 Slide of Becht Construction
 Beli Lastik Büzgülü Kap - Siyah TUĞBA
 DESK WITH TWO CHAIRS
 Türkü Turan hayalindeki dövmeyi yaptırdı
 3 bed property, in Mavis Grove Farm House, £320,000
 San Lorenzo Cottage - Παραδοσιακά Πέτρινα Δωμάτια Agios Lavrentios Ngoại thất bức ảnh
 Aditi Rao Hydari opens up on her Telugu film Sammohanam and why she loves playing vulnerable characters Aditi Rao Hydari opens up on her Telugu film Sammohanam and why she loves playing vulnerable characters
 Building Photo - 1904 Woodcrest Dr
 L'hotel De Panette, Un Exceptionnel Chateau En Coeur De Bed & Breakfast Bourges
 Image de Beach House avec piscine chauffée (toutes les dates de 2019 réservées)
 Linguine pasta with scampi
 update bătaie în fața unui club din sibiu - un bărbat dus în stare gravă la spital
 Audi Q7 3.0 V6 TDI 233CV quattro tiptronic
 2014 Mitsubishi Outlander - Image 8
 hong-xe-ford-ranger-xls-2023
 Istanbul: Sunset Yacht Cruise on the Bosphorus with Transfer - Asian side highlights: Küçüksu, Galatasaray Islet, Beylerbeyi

------------------------

Directions for this task -> Locate the line that contains "vulnerable characters Aditi", then please quote it and every line after it to the end of the entries above, exactly and with nothing else.

Completed task ->
 Aditi Rao Hydari opens up on her Telugu film Sammohanam and why she loves playing vulnerable characters Aditi Rao Hydari opens up on her Telugu film Sammohanam and why she loves playing vulnerable characters
 Building Photo - 1904 Woodcrest Dr
 L'hotel De Panette, Un Exceptionnel Chateau En Coeur De Bed & Breakfast Bourges
 Image de Beach House avec piscine chauffée (toutes les dates de 2019 réservées)
 Linguine pasta with scampi
 update bătaie în fața unui club din sibiu - un bărbat dus în stare gravă la spital
 Audi Q7 3.0 V6 TDI 233CV quattro tiptronic
 2014 Mitsubishi Outlander - Image 8
 hong-xe-ford-ranger-xls-2023
 Istanbul: Sunset Yacht Cruise on the Bosphorus with Transfer - Asian side highlights: Küçüksu, Galatasaray Islet, Beylerbeyi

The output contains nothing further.